Google, which often seems to have a death-wish-like goal of exceeding Microsoft in every historic mistake, recently penetrated the privacy settings of both Safari and Internet Explorer and this was after signing its own, much less restrictive, consent decree. Almost as if to say, "Compared to Microsoft, our consent decree is for weaklings and we want one that makes Microsoft's look lame!"
I first ran into arrogance at Siemens, then saw it at IBM, and, up until now, the worst was at Microsoft in the 90s. Arrogance is a company killer and it can be particularly painful for customers of the firm going through this growth, and sometimes recurring, phase.
My Clash with and the Pain of Arrogance
I mentioned that I first ran into this at Siemens and this was after that company had just acquired ROLM, the firm where I was working, from IBM. As the acquiring company, it set up a meeting with my group, competitive analysis, for a market briefing and then proceeded to call us all effing idiots (seriously) because we had no clue about the market.
The company argued that ISDN was clearly the next networking standard and that both Token Ring and Ethernet would soon be gone (we agreed with the first as single-vendor standards seldom survived). And it felt strongly that its telephone systems, which had as an advantage automated moves/adds/changes and had not been adapted to U.S. power systems, would sweep the market. It clearly didn't understand that ROLM made most of its money from moves/add/changes and that the cost and size of the transformer for its already expensive switches would be a problem. Before I left, the company ran a $1M monthly loss up to $5M, which was pretty impressive after it decided to stop arguing with my group and effectively put us out of a job.
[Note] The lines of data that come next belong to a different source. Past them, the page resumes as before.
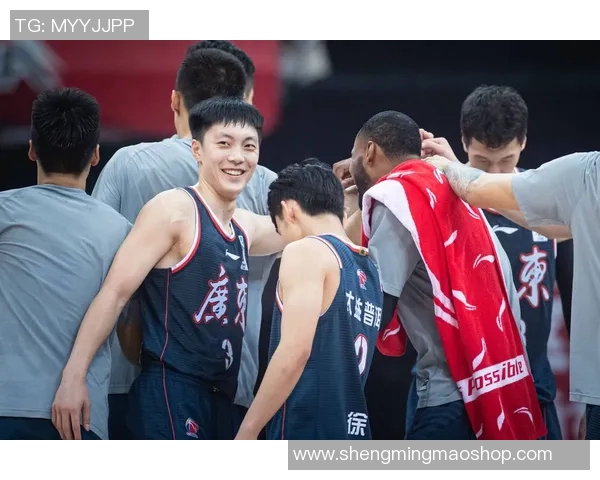 CBA杯赛奇葩一幕！江苏男篮内线马国栋单场罚球7中0颗粒无收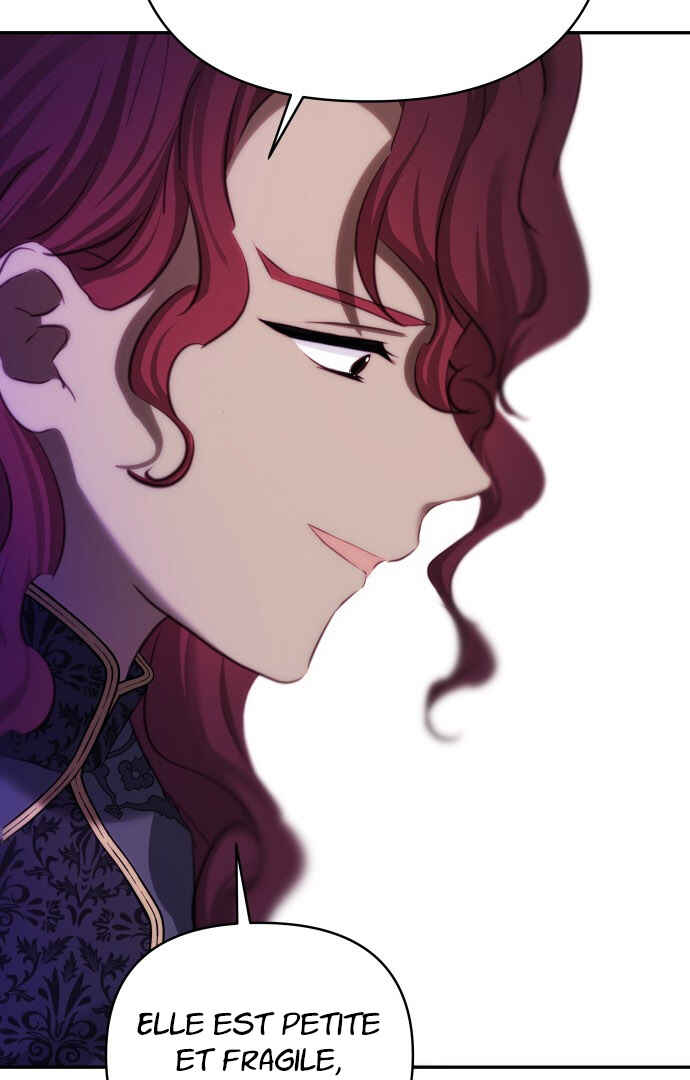 Monster Duke's Daughter Chapter 78 - Page 91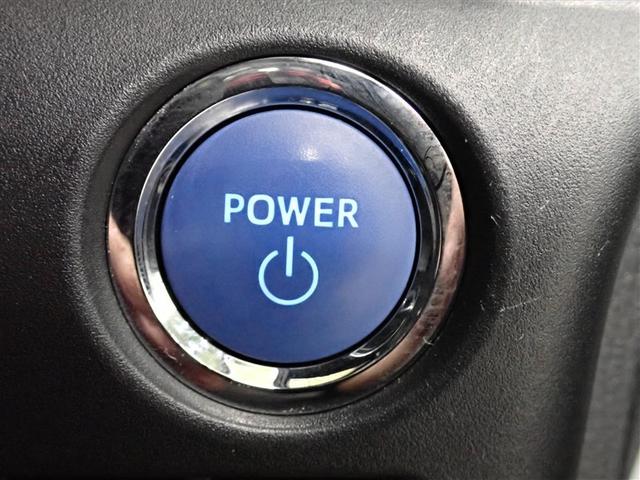 �L�[���J�o����|�P�b�g�ɓ��ꂽ�܂܂łn�j�I�v�b�V���{�^���ŃG���W���X�^�[�g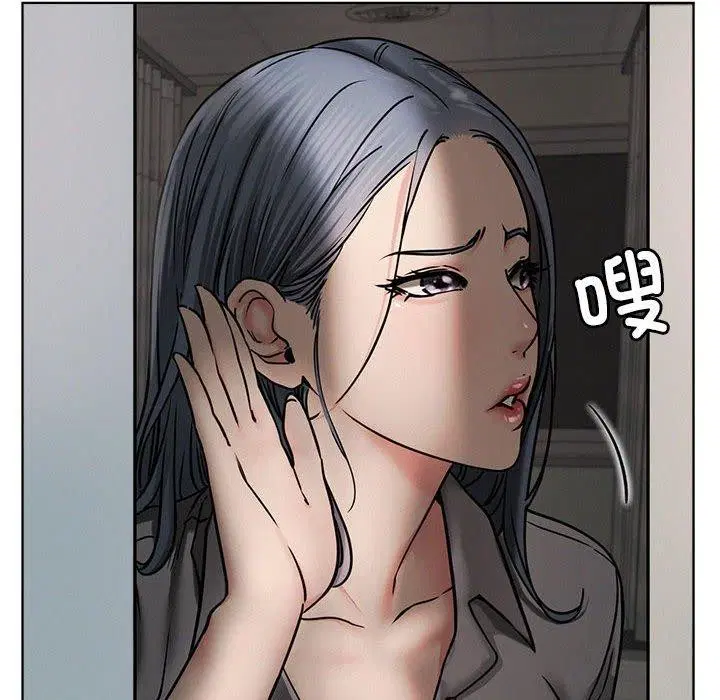 第72話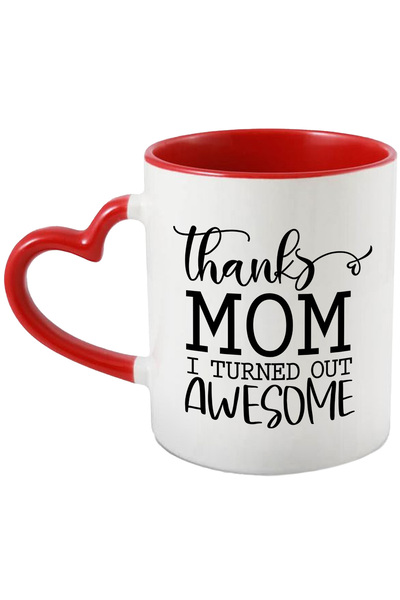 StoryGift Romania Cana Pentru Mamele Apreciate De Copiii Lor Care Au Ajuns Bi...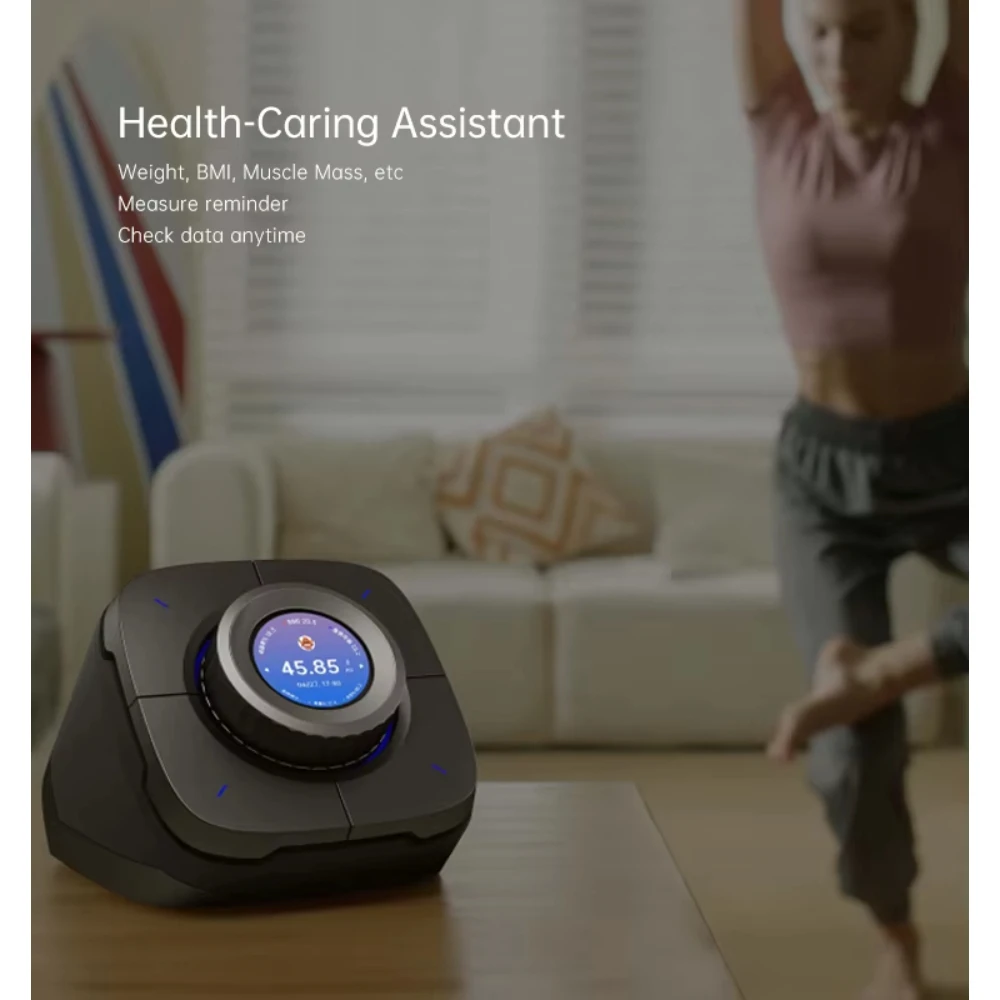 Первое беспроводное устройство – обзор и цена Home Automation System Design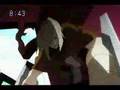 Imazaki Itsuki AMV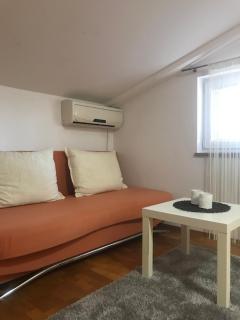 Apartmani Šipić - 5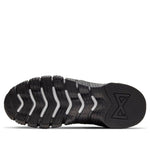 Nike Free Metcon 4 'Black' CT3886-007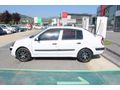 Renault Symbol 1.5DCİ AUTHENTİQUE 
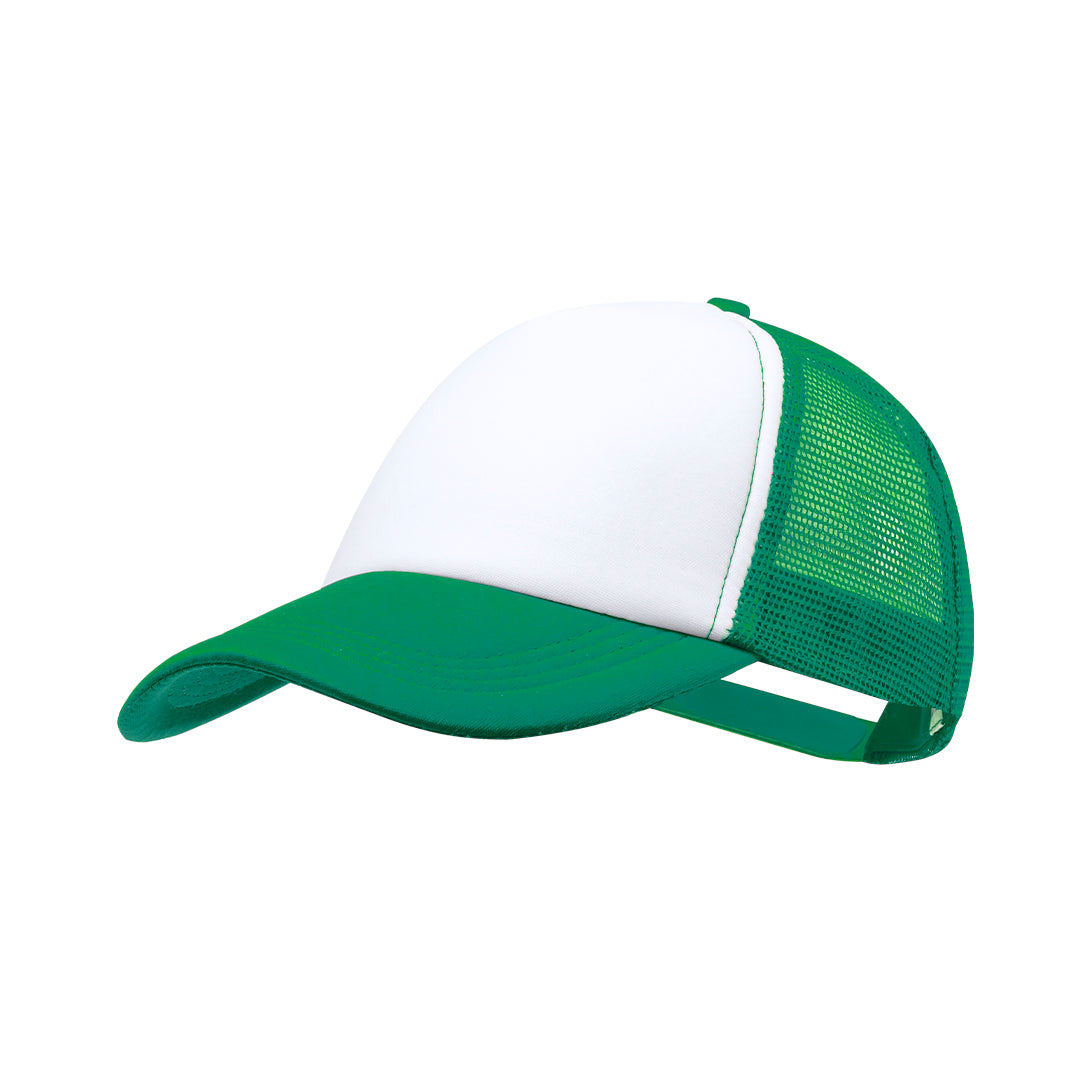 Variante VERDE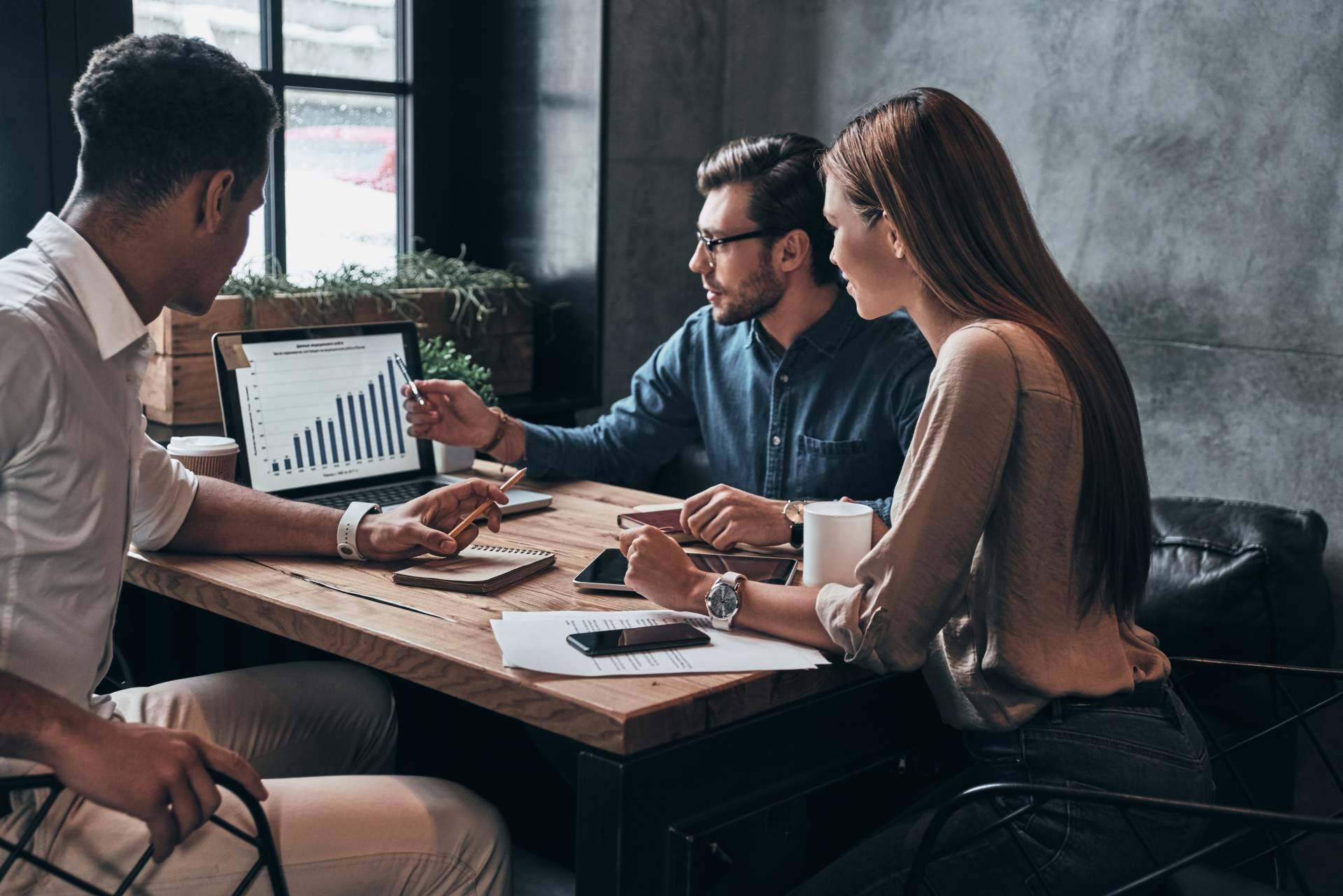 ¿Por qué es importante llevar a cabo una estrategia de branding como empresa industrial?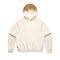 AS Colour Box Minus Hood [ 4cm]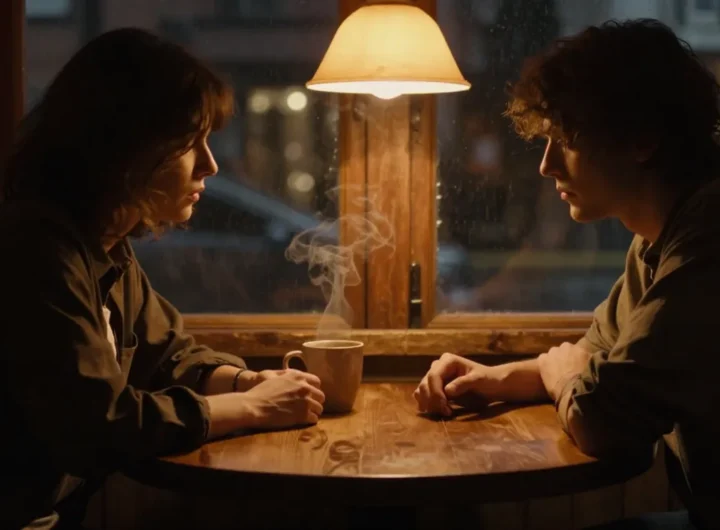 segnali-psicologici-chimica-attrazione-relazioni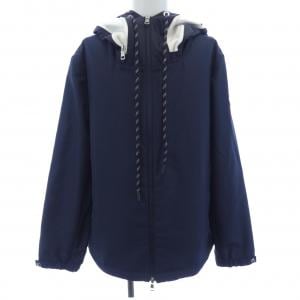 モンクレール MONCLER VESSILL ジャケット
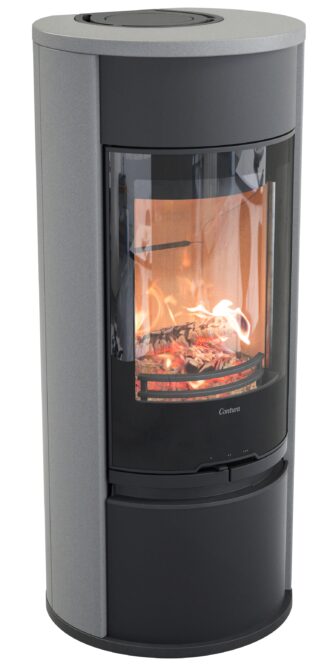 Contura 610AG Style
Later at IBM, where I was operating for a time as a troubleshooter, I met with the head of marketing to question a policy of both presenting products that we had no intention of actually building to keep customers from buying competing offerings and for charging for software updates that were basically massive bug fixes. Oh and we'd also killed our Quality Control organization because engineering found it annoying. The VP put his arm around my shoulders, and said "Rob, what you don't understand is that here at IBM we sell air, folks have to pay whatever we charge." I argued that I thought they would likely figure this out and he was fired a few months after I left to become an external analyst.